Now is the time to engage in a practice in your daily life that helps you learn new ways to pay attention and connect to experiences in the moment. Here are solid ideas you can use to develop a practice to strengthen your connection to the present moment.

I got carried away researching the possibilities and this list will give you ideas you can start today. Pick more than one and enjoy the present moment. Pick two and build momentum.


 Time spent in nature provides many opportunities to enjoy silence, stillness as well as observe changes in the natural world. Nature encourages you to  enjoy the present.

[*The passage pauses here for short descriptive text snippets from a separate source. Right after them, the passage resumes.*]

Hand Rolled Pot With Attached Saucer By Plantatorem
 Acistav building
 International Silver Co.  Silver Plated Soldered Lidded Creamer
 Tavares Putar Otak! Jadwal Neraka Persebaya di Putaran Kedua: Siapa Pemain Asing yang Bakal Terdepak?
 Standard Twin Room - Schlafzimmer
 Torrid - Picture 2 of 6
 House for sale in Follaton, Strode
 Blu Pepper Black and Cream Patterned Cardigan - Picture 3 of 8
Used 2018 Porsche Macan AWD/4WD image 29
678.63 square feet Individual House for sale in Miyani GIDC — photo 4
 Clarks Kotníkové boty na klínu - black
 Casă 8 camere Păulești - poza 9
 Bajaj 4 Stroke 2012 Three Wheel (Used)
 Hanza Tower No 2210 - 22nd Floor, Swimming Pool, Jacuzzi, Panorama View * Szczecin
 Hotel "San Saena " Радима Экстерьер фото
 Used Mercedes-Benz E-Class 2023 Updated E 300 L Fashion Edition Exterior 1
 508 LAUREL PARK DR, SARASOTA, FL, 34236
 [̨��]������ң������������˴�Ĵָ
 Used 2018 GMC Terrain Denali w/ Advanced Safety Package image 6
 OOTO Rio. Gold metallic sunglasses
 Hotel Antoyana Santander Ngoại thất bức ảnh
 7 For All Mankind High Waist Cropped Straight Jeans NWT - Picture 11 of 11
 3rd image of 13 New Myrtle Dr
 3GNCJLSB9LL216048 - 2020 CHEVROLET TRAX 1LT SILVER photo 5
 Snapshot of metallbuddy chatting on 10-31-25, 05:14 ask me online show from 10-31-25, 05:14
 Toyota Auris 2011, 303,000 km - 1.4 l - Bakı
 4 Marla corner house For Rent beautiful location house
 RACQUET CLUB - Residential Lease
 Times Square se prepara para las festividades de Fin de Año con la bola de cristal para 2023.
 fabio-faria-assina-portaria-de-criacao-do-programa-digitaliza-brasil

  • Meditation helps you get familiar with silence and stillness and clears the path to being present.
  • Reconnect with your body by doing a Body Scan.
  • Mindfulness Bells – inspired by the teaching of Thich Nhat Hanh. Mindfulness bells gently call us back to awareness of the present moment. There are many apps and options available.
  • Minimalism forces us to be present without all the distractions. By embracing minimalism, owning less and simplifying, we create time and space to become more mindful. Allowing us to be present in the moment.
  • Yoga – helps you to breathe …. move …. focus …. get still.
  • Intention – Set an intention to be aware of your thoughts and return to present or simply set an intention to be joyful and grateful.
  • Feel feelings and increase your capacity to feel emotions.
  • Pay attention to your 5 senses: Ask what do I hear, see, taste, feel or smell?  When you pay attention to being present you can’t listen to your internal mental rambling.
  • Slow down, be deliberate and stop multi-tasking. Too much planning takes you out of the flow of being present. Too much multi-tasking scatters your attention.
  • Breathe – You can start by simply reminding yourself to stop and consciously be aware of the sensation of your breath going in/out of your nostrils or mouth. You can find numerous exercises for mindfulness breathing online.
  • Active Listening is a valuable listening skill that keeps you engaged to make a conscious effort to understand what people are really saying and requires presence.
  • Take time away from your electronic devices and get grounded.

Now is the time to begin or renew your practice to be present. Through practice your mind becomes a useful servant and practice requires repetition. So repeat the process again and again until it is natural and you enjoy the power of being present.

What is your favorite practice to be present?